Sunday, August 23, 2009

Sticks and Stones (Ivory Actually)

July 12, 2000

IT MUST be the water. Or is it the weather? For an archipelago of several thousands of islands, more notorious than famous for a thousand more reasons (2,000 pairs of shoes included) the Philippines can at least take great exclusive pride on its arnisadors (eskrima or kali fighters, take your pick) and billiards players (artists or geniuses, more accurately).

The great sword/stickfighters: Cebuanos Anciong Bacon, Angel Cabales, Jose Caballero, Ciriaco and Filemon Cañete, Antonio Ilustrisimo, Teodoro Saavedra (surely I missed many great eskrimadores); and from other regions: Felicisimo Dizon, Leo Gaje, Islao Romo and Remy Presas, have carved their names in the annals of legend and some even on the bodies of their opponents.
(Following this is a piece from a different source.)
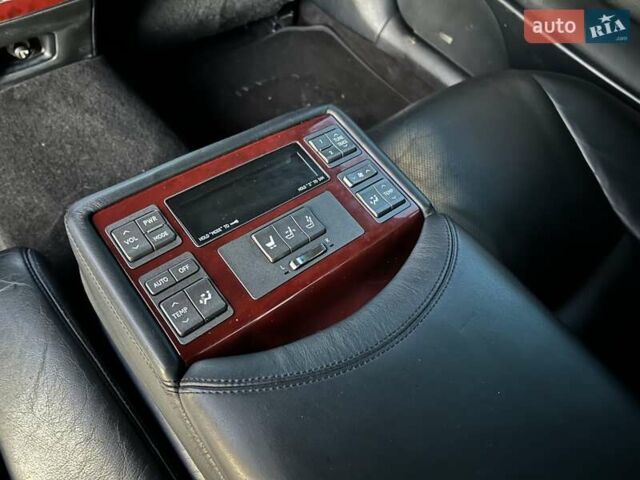 Черный Лексус ЛС, объемом двигателя 4.6 л и пробегом 267 тыс. км за 12999 $, фото 12 на Automoto.ua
They have spread the fame of arnis worldwide and have added the indigenous Filipino style into the pantheon of great martial arts, which includes kung fu, judo, karate, pentjak silat, taekwando and muay Thai.

Now come the less violent stick wizards: Efren “Bata” Reyes, Amang Parica, Francisco “Django” Bustamante, Leonardo “Dodong” Andam, Rodolfo “Boy Samson” Luat, Pasil boy Warren Kiamco and Filipino-Canadian Alex “The Lion” Pagulayan. Cebuano ace Victor “Paklay” Quijano, in semi-retirement, has been largely unrecognized and reportedly wasted on alcohol.

Our pool players may have lost out in the World Pool Championship in Cardiff, Wales, but you can bet your last inflation-ridden peso that won’t happen in the other stick games of the World Eskrima Kali Federation (Wekaf) Championships next month in Cebu and Mandaue.

Filipinos (Cebuanos in particular) are not known to be maru/marama for nothing. The talent is not incompatible with fighting skills. The constant need to fight throughout our country’s history has created the penchant for upmanship, thus the maru culture. Smaller in stature than most invaders, especially the European variety, the Pinoy as a result has found a way to level the playing field. Shrewd has paid dividends. Sundang and pinuti-wielding World War II veterans have bragged that the Japanese officers and their katana (samurai sword, to the uninitiated) were no match for them. Perhaps they should have challenged the Imperial Army to a bladed weapon contest – winner take all the Philippine islands – and then our parents and grandparents wouldn’t have suffered under the yoke of the Nipponese invaders.

The Filipino has a talent for things involved with sticks. That’s an understatement of course. Stickfighting and cues are only the most obvious. Now Cebu and Mandaue will host still another “world” arnis tournament. At the risk of opening old wounds associated with allegations of ass-kissing and game fixing, you can bet your last matchstick that the Philippine team will again retain the overall title, no sweat.

If another country (the United States, perhaps, whose denizens also have a love affair with sticks: baseball, golf and baton twirling) takes RP’s title, it will only prove that we are gracious, if not, badly-prepared hosts.

‘RIGGED.’ Efren “Bata” Reyes losing despite being “safely” ahead by six racks (8-2) over Steve “The Nugget” Davis in a race-to-9 match, have made some fans suspect something fishy. How do you spell g-a-m-e-f-i-x-i-n-g? Baligya. Hard to prove but billiards in the dingy pool halls of the Philippines like professional boxing in the smoke-filled arenas in the era of the American mafiosis have been associated with the sinister.

With last year’s Cardiff tournament triumph, billiards now gets the attention of the Pinoy politicos. Cash incentive this and cash incentive that. “Everybody loves a winner.” The Cebu Gems should understand that. The Puyat team to Cardiff may have lost out on the big money and the honor. But this shouldn’t stop Filipinos from loving the “sport.” If chess and ballroom dancing qualify as sport, there’s no reason billiards shouldn’t. It’s on ESPN, right?

In the early to mid-80s, the traditional/routinary gang rumbles among teenagers at the Fuente Osmeña oval ended because of the sudden popularity of ersatz billiard games that used marbles and tables measuring 2’x1’ ¾” to 3’ ¾”'x2”. Mini cue sticks thus replaced Indian pana and knives.

If only for this reason, parents shouldn’t be so hard on their truant children who spend more time in the pool halls than the classroom. If Bata Reyes and Erap Estrada could make it big, so can you.